Yes, exactly. I said it's not easy to scratch, not that it can't be. I know quite a few lesser materials than rocks or bricks is needed to scratch other watches. I looked at a bare tree branch wrong once with one of my typical-cased watches and it left a scratch... so I think appreciating what Damasko offers is justified.


----------



## kvik

Interesting reference, Will, thanks. I went to the Damasko site read a bit more (under 'Technologien'). Perhaps I misinterpret, but are they not talking about moving to a 1600 HV hardened steel in the future? (under 'Edelstahl'), and the damast coating apparently is 2500 HV? (under 'DAMEST-Beschichtung') Looking at the different models (under 'Technische eaten') they all state hardened to 710 HV, though.


----------



## Will_f

CM HUNTER said:


> Yes, exactly. I said it's not easy to scratch, not that it can't be. I know quite a few lesser materials than rocks or bricks is needed to scratch other watches. I looked at a bare tree branch wrong once with one of my typical-cased watches and it left a scratch... so I think appreciating what Damasko offers is justified.

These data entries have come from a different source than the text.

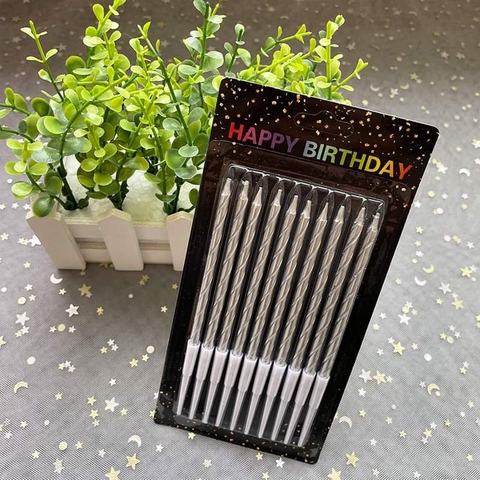 Vỉ 10 nến nhũ Bạc dài 13.5cm
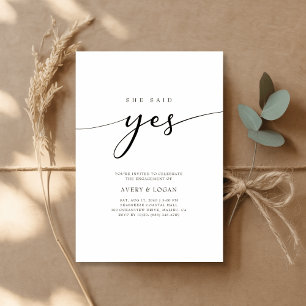 Any Event She Said Yes Wedding Engagement Party Invitation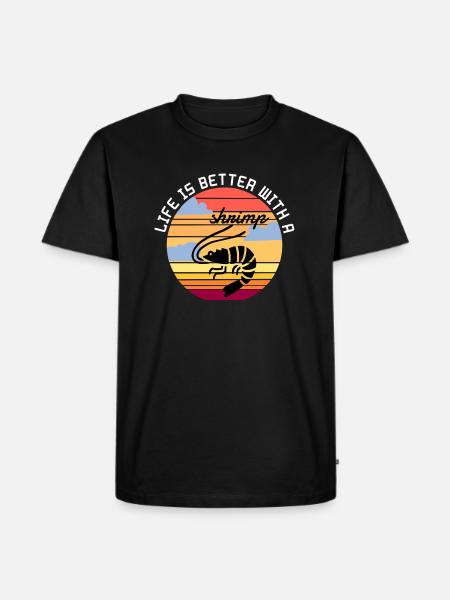 Rejer - livet er bedre med en reje - Herre Premium økologisk T-shirt - sort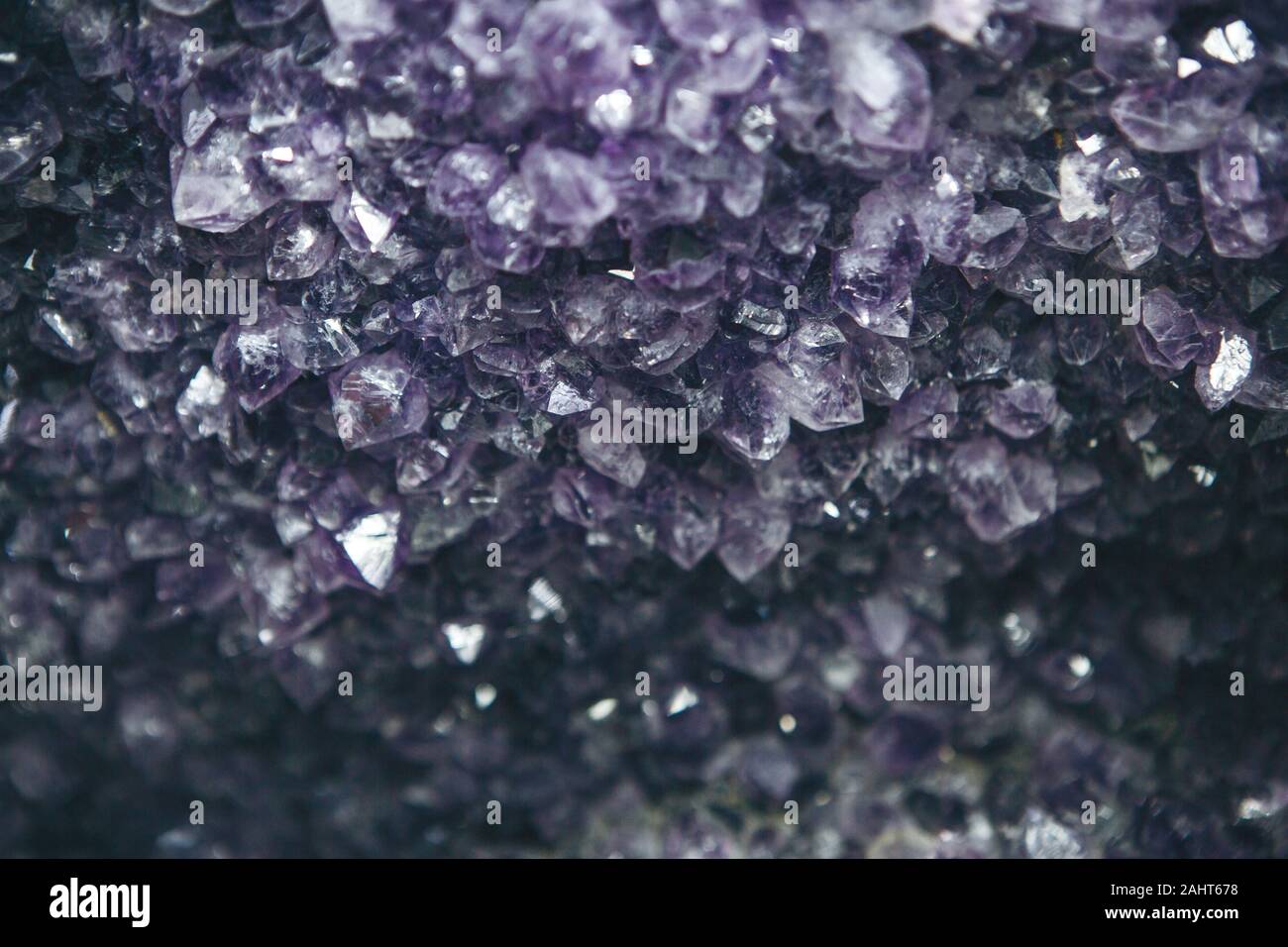 Close-up oder Makro einer lila oder violett Mineralien amethyst Druse Stockfoto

Definitely. My Damaskos are absolutely mark free. Incidentally, I got a response back from Damasko re putting a bracelet on my watches:

The 20mm bracelets will be available for purchase in late Jan 2014 (as previously reported). The 22mm bracelets will come later in 2014. You will have to send your watch in to have the bracelet fitted. Apparently the tolerances are very tight. I'm planning on sending my DA36 in as soon as they are available and will report back my impressions (with photos)


----------



## Will_f

kvik said:


> Interesting reference, Will, thanks. I went to the Damasko site read a bit more (under 'Technologien'). Perhaps I misinterpret, but are they not talking about moving to a 1600 HV hardened steel in the future? (under 'Edelstahl'), and the damast coating apparently is 2500 HV? (under 'DAMEST-Beschichtung') Looking at the different models (under 'Technische eaten') they all state hardened to 710 HV, though.


I stand corrected on the Damast coating. I was going from memory (which isn't as good as it used to be). Probably around 9 MOHs then.


----------



## David Woo

Will_f said:


> You will have to send your watch in to have the bracelet fitted. Apparently the tolerances are very tight.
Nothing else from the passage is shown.